On a parent - child setup, use [db].mode = dbengine on the parent to increase retention and a more resource efficient mode (like save, ram or none) for the child to minimize resources utilization.

To use dbengine, set this in netdata.conf (it is the default):

[db]
    mode = dbengine

Tiering

dbengine supports tiering. Tiering allows having up to 3 versions of the data:

Tier 0 is the high resolution data.
Tier 1 is the first tier that samples data every 60 data collections of Tier 0.
Tier 2 is the second tier that samples data every 3600 data collections of Tier 0 (60 of Tier 1).

To enable tiering set [db].storage tiers in netdata.conf (the default is 1, to enable only Tier 0):

[db]
    mode = dbengine
    storage tiers = 3

Disk space requirements

Netdata Agents require about 1 bytes on disk per database point on Tier 0 and 4 times more on higher tiers (Tier 1 and 2). They require 4 times more storage per point compared to Tier 0, because for every point higher tiers store min, max, sum, count and anomaly rate (the values are 5, but they require 4 times the storage because count and anomaly rate are 16-bit integers). The average is calculated on the fly at query time using sum / count.

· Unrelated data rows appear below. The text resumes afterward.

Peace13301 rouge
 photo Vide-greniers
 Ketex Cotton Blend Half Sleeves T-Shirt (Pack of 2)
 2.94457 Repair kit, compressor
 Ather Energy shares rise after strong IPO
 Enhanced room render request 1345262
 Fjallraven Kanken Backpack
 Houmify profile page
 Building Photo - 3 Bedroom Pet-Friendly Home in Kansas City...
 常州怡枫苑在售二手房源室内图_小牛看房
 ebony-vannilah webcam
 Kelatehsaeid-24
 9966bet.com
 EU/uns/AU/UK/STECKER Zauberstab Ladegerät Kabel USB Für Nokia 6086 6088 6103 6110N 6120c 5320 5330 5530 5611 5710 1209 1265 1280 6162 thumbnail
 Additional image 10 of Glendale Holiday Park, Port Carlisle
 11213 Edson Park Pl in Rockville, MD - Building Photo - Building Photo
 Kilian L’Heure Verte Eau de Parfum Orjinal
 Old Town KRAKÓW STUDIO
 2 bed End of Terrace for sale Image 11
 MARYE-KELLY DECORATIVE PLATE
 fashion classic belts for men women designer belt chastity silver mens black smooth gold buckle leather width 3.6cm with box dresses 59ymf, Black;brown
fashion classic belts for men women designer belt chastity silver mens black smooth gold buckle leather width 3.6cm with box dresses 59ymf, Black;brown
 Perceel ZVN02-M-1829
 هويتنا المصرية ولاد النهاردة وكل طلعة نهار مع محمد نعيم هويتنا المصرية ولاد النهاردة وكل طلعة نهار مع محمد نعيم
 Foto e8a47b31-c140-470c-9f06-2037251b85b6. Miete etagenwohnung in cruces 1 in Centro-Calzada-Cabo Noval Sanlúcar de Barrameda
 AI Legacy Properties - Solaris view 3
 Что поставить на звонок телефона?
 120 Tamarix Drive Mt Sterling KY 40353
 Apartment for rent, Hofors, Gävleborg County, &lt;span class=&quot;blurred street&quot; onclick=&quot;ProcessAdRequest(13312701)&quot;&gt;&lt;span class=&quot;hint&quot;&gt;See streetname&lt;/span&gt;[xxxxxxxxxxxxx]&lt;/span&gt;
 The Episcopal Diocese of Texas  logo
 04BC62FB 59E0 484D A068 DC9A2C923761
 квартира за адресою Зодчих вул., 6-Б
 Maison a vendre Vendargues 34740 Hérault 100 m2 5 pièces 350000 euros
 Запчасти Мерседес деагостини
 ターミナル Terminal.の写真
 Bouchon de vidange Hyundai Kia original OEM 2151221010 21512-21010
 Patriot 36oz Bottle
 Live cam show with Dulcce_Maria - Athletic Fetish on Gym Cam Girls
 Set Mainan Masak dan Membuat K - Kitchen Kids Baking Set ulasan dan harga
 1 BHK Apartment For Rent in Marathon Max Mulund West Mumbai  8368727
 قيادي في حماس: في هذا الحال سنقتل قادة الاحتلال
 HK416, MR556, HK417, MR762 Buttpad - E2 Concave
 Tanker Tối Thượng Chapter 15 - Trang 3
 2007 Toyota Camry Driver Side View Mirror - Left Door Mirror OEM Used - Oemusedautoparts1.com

Tier 0 - per second for a week

For 2000 metrics, collected every second and retained for a week, Tier 0 needs: 1 byte x 2000 metrics x 3600 secs per hour x 24 hours per day x 7 days per week = 1100MB.

The setting to control this is in netdata.conf:

[db]
    mode = dbengine
    
    # per second data collection
    update every = 1
    
    # enable only Tier 0
    storage tiers = 1
    
    # Tier 0, per second data for a week
    dbengine multihost disk space MB = 1100

By setting it to 1100 and restarting the Netdata Agent, this node will start maintaining about a week of data. But pay attention to the number of metrics. If you have more than 2000 metrics on a node, or you need more that a week of high resolution metrics, you may need to adjust this setting accordingly.

Tier 1 - per minute for a month

Tier 1 is by default sampling the data every 60 points of Tier 0. If Tier 0 is per second, then Tier 1 is per minute.

Tier 1 needs 4 times more storage per point compared to Tier 0. So, for 2000 metrics, with per minute resolution, retained for a month, Tier 1 needs: 4 bytes x 2000 metrics x 60 minutes per hour x 24 hours per day x 30 days per month = 330MB.

Do this in netdata.conf:

[db]
    mode = dbengine
    
    # per second data collection
    update every = 1
    
    # enable only Tier 0 and Tier 1
    storage tiers = 2
    
    # Tier 0, per second data for a week
    dbengine multihost disk space MB = 1100
    
    # Tier 1, per minute data for a month
    dbengine tier 1 multihost disk space MB = 330

Once netdata.conf is edited, the Netdata Agent needs to be restarted for the changes to take effect.

Tier 2 - per hour for a year

Tier 2 is by default sampling data every 3600 points of Tier 0 (60 of Tier 1). If Tier 0 is per second, then Tier 2 is per hour.

The storage requirements are the same to Tier 1.

For 2000 metrics, with per hour resolution, retained for a year, Tier 2 needs: 4 bytes x 2000 metrics x 24 hours per day x 365 days per year = 67MB.